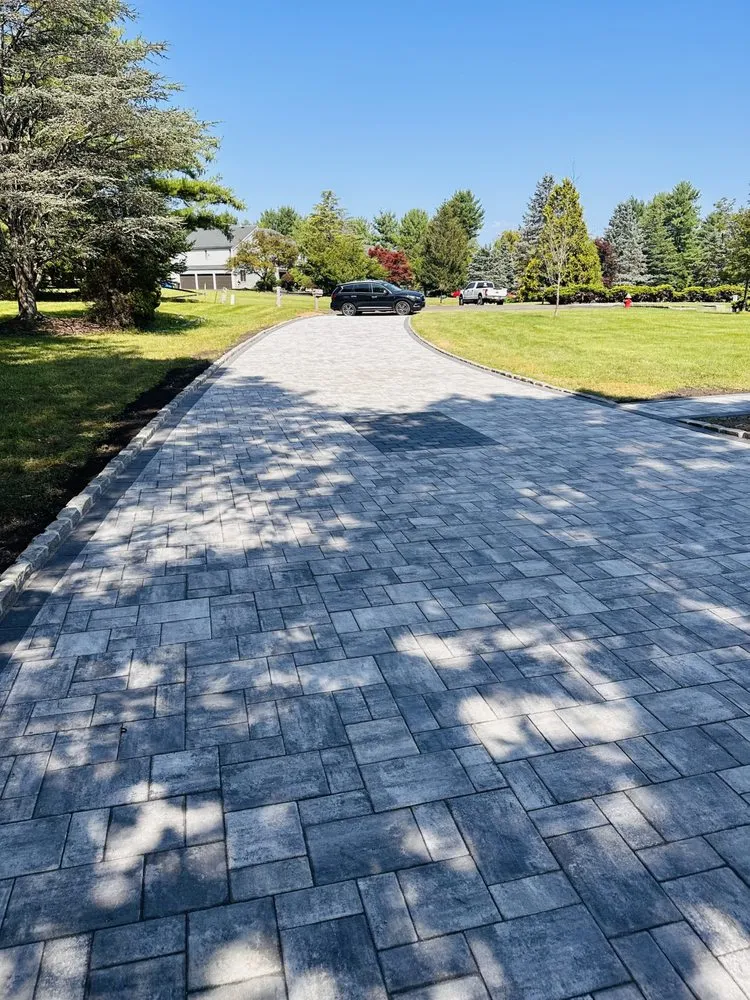 Custom garden landscaping experts serving North Plainfield, NJ - M & M Construction & Landscaping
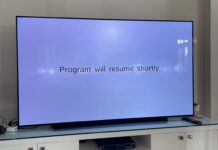 Opinion: Censorship and Loyalty to the Thai Monarchy A censor notice on True Visions cable TV. Photo: Thanyarat Doksone / Twitter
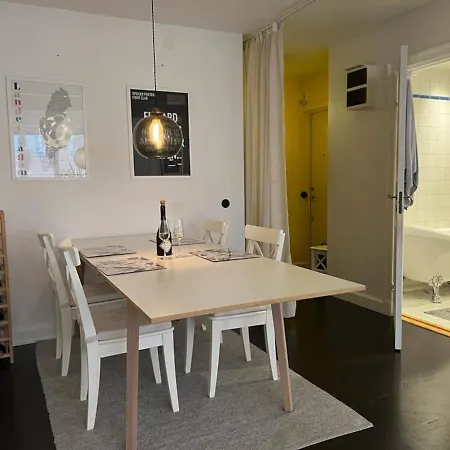 In The Middle Of So-fo, Soedermalm, 67sqm * ستوكهولم
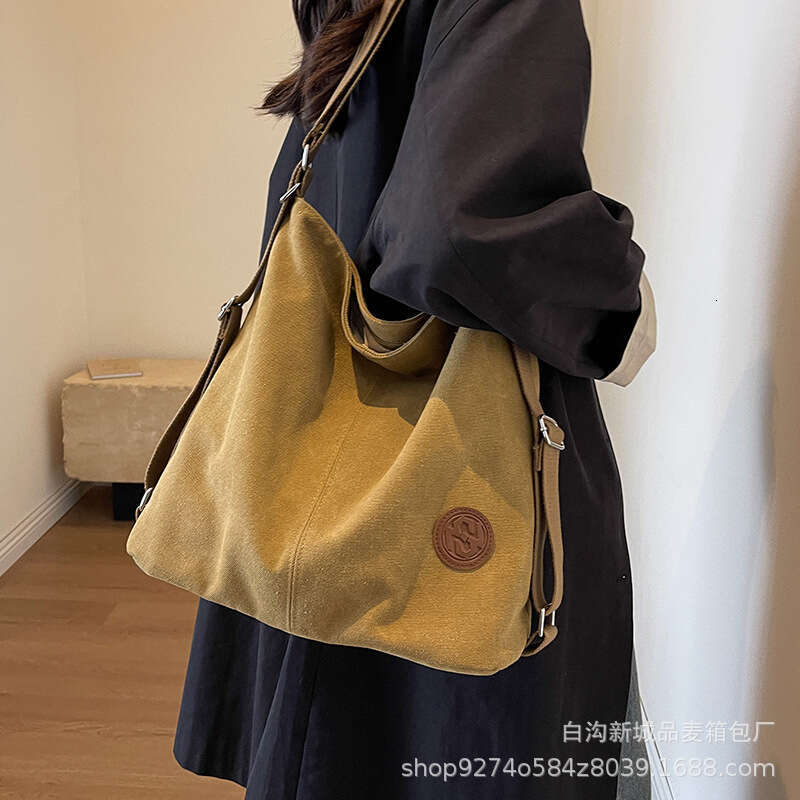 Lightweight And Fashionable For Women, New Summer Large Capacity Tote Bag, Dual-Use Backpack, Canvas Commuting Bag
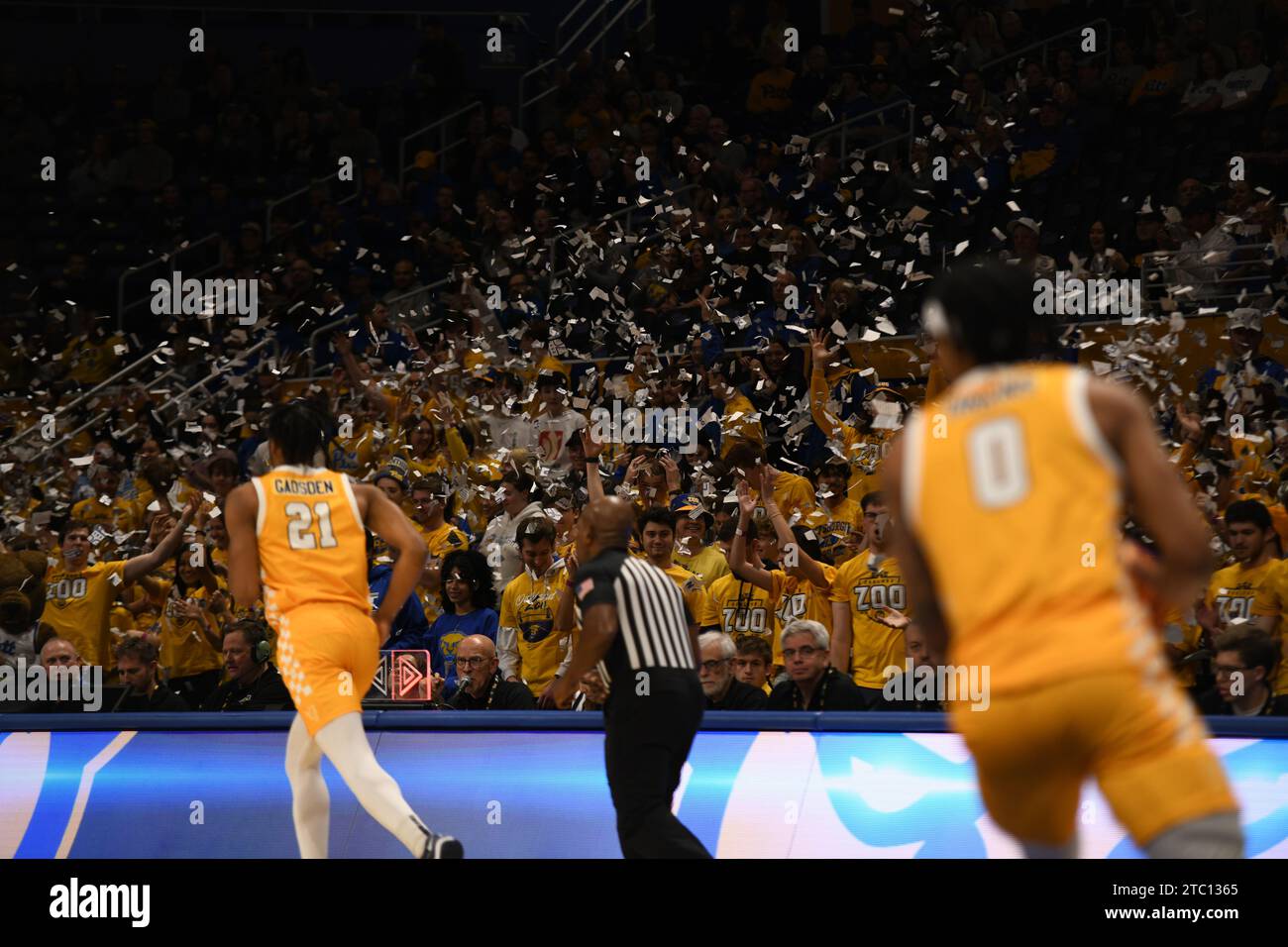 Pittsburgh, Pennsylvania, USA. Dezember 2023. 9. Dezember 2023 der Oakland Zoo Studentenabschnitt während der NCAA Mens Basketball Canisius Golden Griffins vs. Pittsburgh Panthers in Pittsburgh, PA. Jake Mysliwczyk/AMG Media (Kreditbild: © Jake Mysliwczyk/BMR via ZUMA Press Wire) NUR ZUR REDAKTIONELLEN VERWENDUNG! Nicht für kommerzielle ZWECKE! Quelle: ZUMA Press, Inc./Alamy Live News Stockfoto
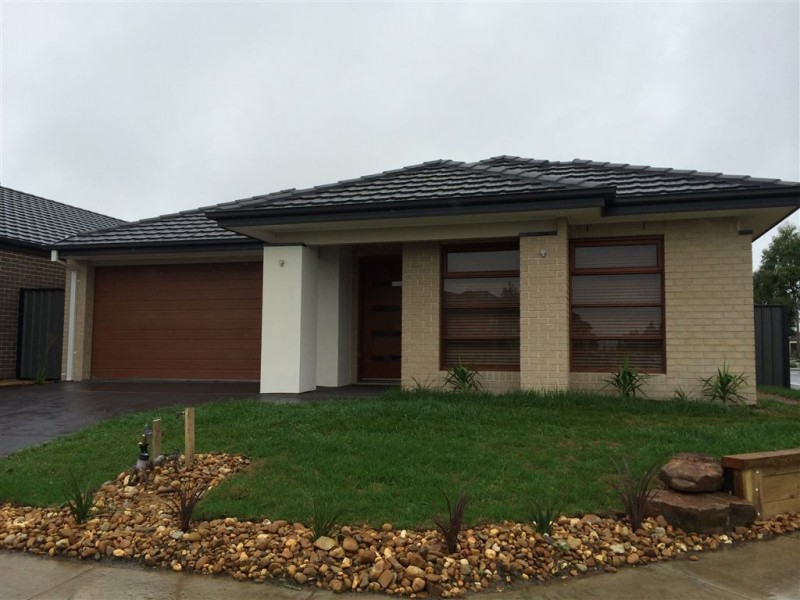 96 Heather Grove, Clyde North VIC 3978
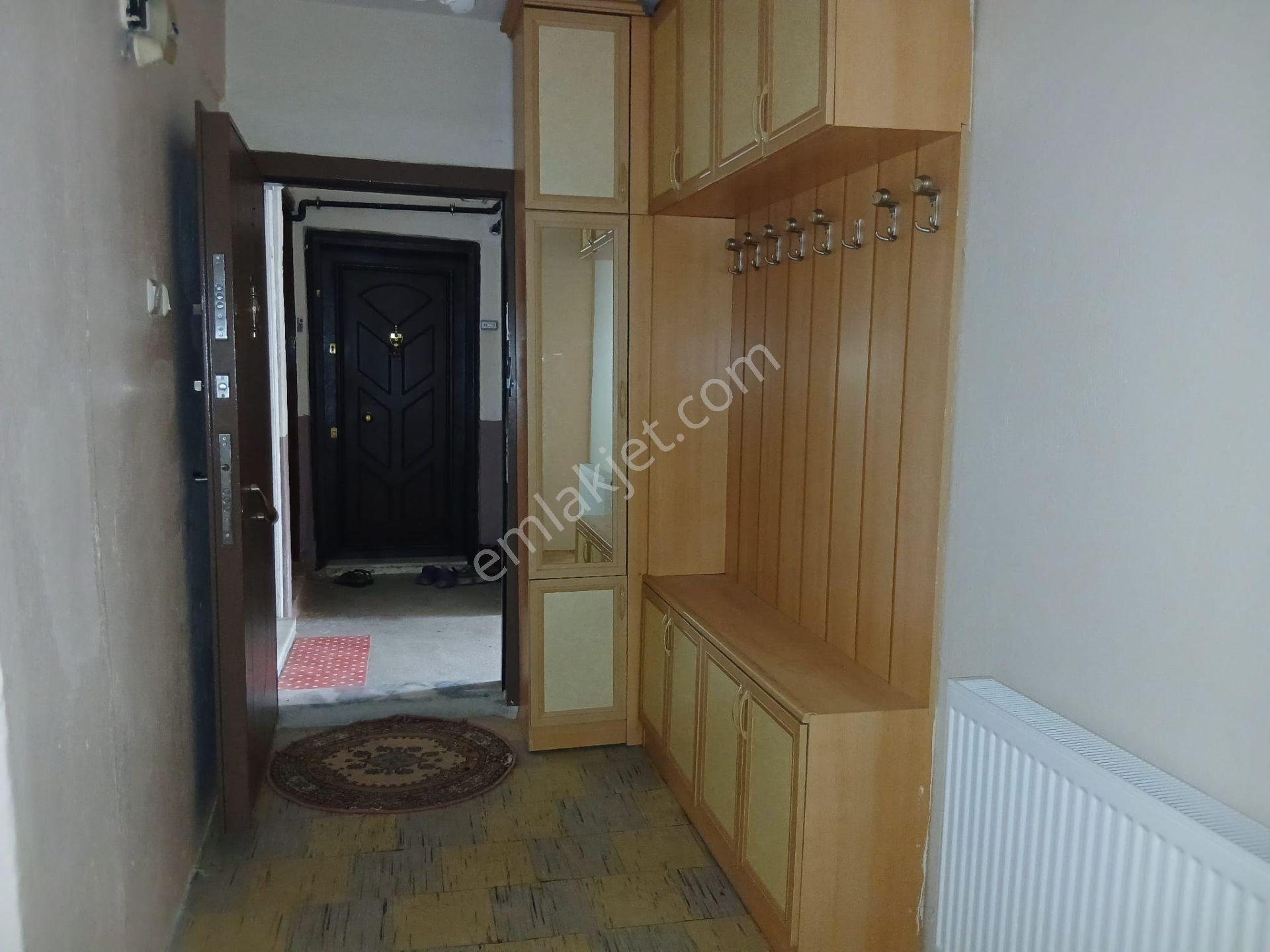 Akçay Emlak'tan Akşehir Mimarlık Mühendislik Fakültesi Yanında Doğlgazlı Satılık 2+1 Daire — fotoğraf 35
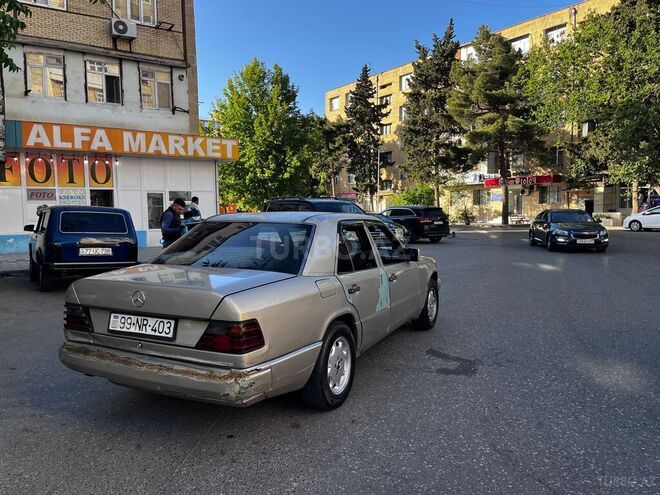 Mercedes E 200 d 1991, 300,000 km - 2.0 l - Bakı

========================================

> _Task directions_
Pictures stay out. Transcribe the lines from the start of the entries above through the line with "Lightweight And Fashionable", exactly.

> _Solution to this exercise_
 Custom garden landscaping experts serving North Plainfield, NJ - M & M Construction & Landscaping
 Opinion: Censorship and Loyalty to the Thai Monarchy A censor notice on True Visions cable TV. Photo: Thanyarat Doksone / Twitter
 In The Middle Of So-fo, Soedermalm, 67sqm * ستوكهولم
 Lightweight And Fashionable For Women, New Summer Large Capacity Tote Bag, Dual-Use Backpack, Canvas Commuting Bag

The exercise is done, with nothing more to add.